Sunday, March 27, 2011

Day 1: Somthing I hate about myself

The thing I hate about myself is my follow through on things!  I always have a lot of great plans, but I rather follow through all the way on them!!!  That is something I really want to change within myself.  I finally got the tummy tuck that I have wanted to get for the last 5 years at least!  I know have to take that and move on with what I need to do with my life...I want to lose the rest of the weight I need to and be positive!  I need to raise my self esteem with in myself and prove to myself that I am the person I am!!

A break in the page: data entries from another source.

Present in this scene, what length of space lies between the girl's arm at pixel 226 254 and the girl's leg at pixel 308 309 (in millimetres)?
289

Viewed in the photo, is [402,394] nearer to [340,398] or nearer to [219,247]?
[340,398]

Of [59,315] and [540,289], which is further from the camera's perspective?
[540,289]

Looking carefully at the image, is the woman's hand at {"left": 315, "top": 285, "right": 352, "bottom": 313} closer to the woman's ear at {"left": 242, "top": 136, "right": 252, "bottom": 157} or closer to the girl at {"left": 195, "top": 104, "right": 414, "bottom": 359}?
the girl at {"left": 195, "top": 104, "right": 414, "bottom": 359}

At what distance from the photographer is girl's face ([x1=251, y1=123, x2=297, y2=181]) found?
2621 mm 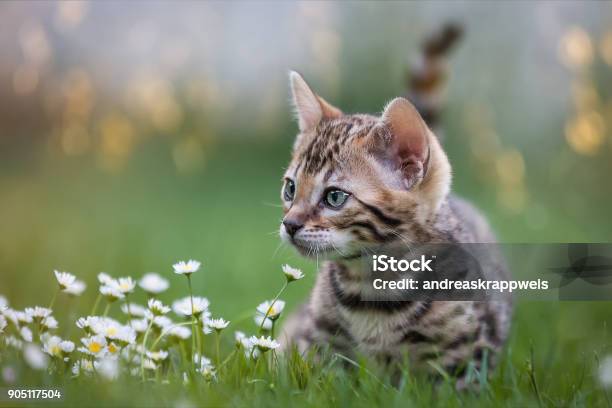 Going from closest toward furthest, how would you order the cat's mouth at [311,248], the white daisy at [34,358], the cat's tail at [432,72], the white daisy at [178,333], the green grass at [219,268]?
the white daisy at [34,358]
the green grass at [219,268]
the cat's mouth at [311,248]
the white daisy at [178,333]
the cat's tail at [432,72]

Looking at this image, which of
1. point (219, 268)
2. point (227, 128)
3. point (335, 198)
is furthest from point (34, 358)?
point (227, 128)

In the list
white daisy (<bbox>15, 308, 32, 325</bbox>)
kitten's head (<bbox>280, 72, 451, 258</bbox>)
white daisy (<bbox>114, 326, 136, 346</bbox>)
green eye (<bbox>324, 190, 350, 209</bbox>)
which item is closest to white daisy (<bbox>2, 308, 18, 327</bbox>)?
white daisy (<bbox>15, 308, 32, 325</bbox>)

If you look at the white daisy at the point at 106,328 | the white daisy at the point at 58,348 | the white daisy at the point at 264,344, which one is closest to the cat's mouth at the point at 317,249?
the white daisy at the point at 264,344

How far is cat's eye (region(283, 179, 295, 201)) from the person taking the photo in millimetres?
1951

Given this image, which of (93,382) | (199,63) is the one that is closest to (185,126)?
(199,63)

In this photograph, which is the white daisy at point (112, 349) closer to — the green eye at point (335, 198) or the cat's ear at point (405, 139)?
the green eye at point (335, 198)

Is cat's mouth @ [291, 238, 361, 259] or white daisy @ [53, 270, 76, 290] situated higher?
cat's mouth @ [291, 238, 361, 259]

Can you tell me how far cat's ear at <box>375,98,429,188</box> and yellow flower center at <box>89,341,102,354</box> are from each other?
2.75ft

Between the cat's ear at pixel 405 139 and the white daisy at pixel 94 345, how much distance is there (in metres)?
0.83

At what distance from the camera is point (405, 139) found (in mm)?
1832

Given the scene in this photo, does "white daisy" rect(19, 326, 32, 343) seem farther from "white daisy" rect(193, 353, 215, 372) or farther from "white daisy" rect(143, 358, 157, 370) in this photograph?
"white daisy" rect(193, 353, 215, 372)

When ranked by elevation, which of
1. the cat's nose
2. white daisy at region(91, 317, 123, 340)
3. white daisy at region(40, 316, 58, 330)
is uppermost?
the cat's nose

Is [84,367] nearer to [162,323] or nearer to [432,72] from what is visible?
[162,323]

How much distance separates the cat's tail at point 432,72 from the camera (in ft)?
8.87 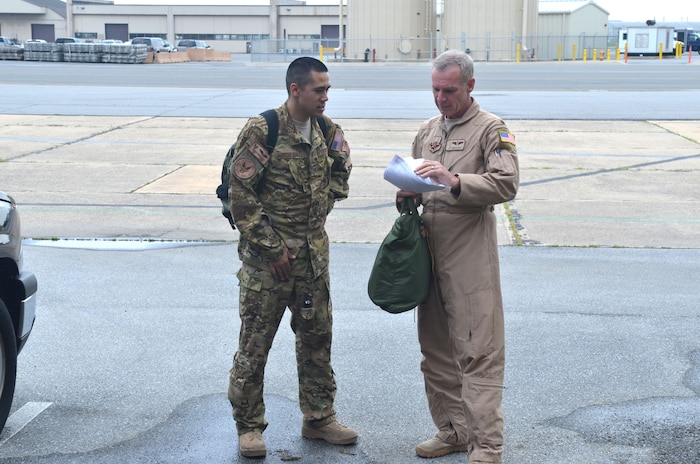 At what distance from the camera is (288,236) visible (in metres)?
4.07

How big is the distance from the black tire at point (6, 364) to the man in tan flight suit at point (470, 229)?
2017mm

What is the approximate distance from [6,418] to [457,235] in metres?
2.41

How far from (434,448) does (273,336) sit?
0.92 metres

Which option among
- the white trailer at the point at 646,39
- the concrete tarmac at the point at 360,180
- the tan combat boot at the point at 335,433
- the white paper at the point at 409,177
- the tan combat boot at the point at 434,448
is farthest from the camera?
the white trailer at the point at 646,39

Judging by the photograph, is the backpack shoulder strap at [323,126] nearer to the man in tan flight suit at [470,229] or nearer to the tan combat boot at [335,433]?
the man in tan flight suit at [470,229]

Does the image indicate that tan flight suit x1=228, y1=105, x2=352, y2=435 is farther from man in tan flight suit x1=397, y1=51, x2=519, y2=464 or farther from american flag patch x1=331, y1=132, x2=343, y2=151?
man in tan flight suit x1=397, y1=51, x2=519, y2=464

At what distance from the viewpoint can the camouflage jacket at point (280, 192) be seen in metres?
3.95

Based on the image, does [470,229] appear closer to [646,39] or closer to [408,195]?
[408,195]

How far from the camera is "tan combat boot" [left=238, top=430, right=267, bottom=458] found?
4141 millimetres

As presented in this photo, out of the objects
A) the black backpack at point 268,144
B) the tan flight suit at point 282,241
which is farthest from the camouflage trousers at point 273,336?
the black backpack at point 268,144

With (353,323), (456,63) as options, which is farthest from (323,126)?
(353,323)

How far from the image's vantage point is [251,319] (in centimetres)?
411

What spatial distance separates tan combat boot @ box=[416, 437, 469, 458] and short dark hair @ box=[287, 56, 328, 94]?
176cm

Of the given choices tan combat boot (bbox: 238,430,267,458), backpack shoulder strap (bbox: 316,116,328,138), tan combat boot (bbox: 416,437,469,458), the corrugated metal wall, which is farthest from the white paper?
the corrugated metal wall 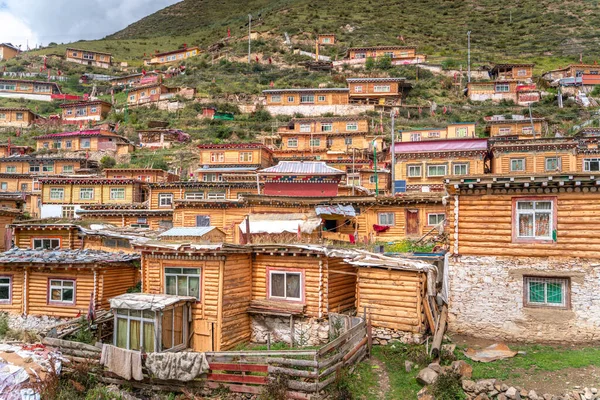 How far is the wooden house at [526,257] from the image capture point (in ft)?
48.5

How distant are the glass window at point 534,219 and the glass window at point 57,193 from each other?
4140cm

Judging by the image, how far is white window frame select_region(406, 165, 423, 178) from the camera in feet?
126

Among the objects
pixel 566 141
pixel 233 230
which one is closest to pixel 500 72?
pixel 566 141

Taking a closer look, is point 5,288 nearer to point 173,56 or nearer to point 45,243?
point 45,243

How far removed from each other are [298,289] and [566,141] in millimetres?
29993

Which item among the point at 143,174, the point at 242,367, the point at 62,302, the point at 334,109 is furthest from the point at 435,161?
the point at 334,109

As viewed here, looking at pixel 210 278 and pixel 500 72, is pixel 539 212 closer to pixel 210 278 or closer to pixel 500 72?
pixel 210 278

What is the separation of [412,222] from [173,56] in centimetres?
10473

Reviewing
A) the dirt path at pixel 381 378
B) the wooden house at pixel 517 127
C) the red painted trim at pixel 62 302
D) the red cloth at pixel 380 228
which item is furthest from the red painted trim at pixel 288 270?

So...this thing that I hate about myself I hope in 30 days will be one of the things that I love about myself!!!

Saturday, March 26, 2011

30 Days of Me


Day 1:  Something you hate about yourself
Day 2:  Something you love about yourself
Day 3:  Something you have to forgive yourself for
Day 4:  Something you have to forgive someone for
Day 5:  Something you hope to do in your life
Day 6:  Something you hope you never have to do
Day 7:  Someone who has made your life worth living for
Day 8:  Someone who made your life hell, or treated you like poopy
 Day 9: Someone you didn’t want to let go, but just drifted. 
Day 10: Someone you need to let go, or wish you didn’t know. 
Day 11: Something people seem to compliment you the most on. 
Day 12: Something you never get compliments on. 
Day 13: A band or artist that has gotten you through some tough days. (write a letter.) 
Day 14: A hero that has let you down. (letter) 
Day 15: Something or someone you couldn’t live without, because you’ve tried living without it. 
Day 16: Someone or something you definitely could live without. 
Day 17: A book you’ve read that changed your views on something. 
Day 18: Your views on gay marriage. 
Day 19: What do you think of religion? Or what do you think of politics? 
Day 20: Your views on drugs and alcohol. 
Day 21: (scenario) Your best friend is in a car accident and you two got into a fight an hour before. What do you do? 
Day 22: Something you wish you hadn’t done in your life. 
Day 23: Something you wish you had done in your life. 
Day 24: Make a playlist to someone, and explain why you chose all the songs. (Just post the titles and artists and letter) 
Day 25: The reason you believe you’re still alive today. 
Day 26: Have you ever thought about giving up on life? If so, when and why? 
Day 27: What’s the best thing going for you right now? 
Day 28: What if you were pregnant or got someone pregnant, what would you do?
Day 29: Something you hope to change about yourself. And why. 
Day 30: A letter to yourself: tell yourself EVERYTHING you love about yourself.

The beginning!!

Well...I have started this blog to help me through the next few months!  I had a tummy tuck 5 days ago and am so happy about it!!  It is something i have wanted for about 5 years now and I finally had the opportunity to get it done...thanks to Jeff!  Jeff is my boyfriend of almost 2 years.  I moved to FL to be with him and has been the best decision of my life...not only for the relationship that I got, but because I believe i have a better life for my kids now...we live in a better area, they go to a great school, and they have a better life, I believe!
So...I going back on Weight Watchers and plan to walk daily to get the rest of my body as hot as i hope my stomach will be after all the swelling goes down...lol!!!  I want to wear a bikini by the middle of the summer!!!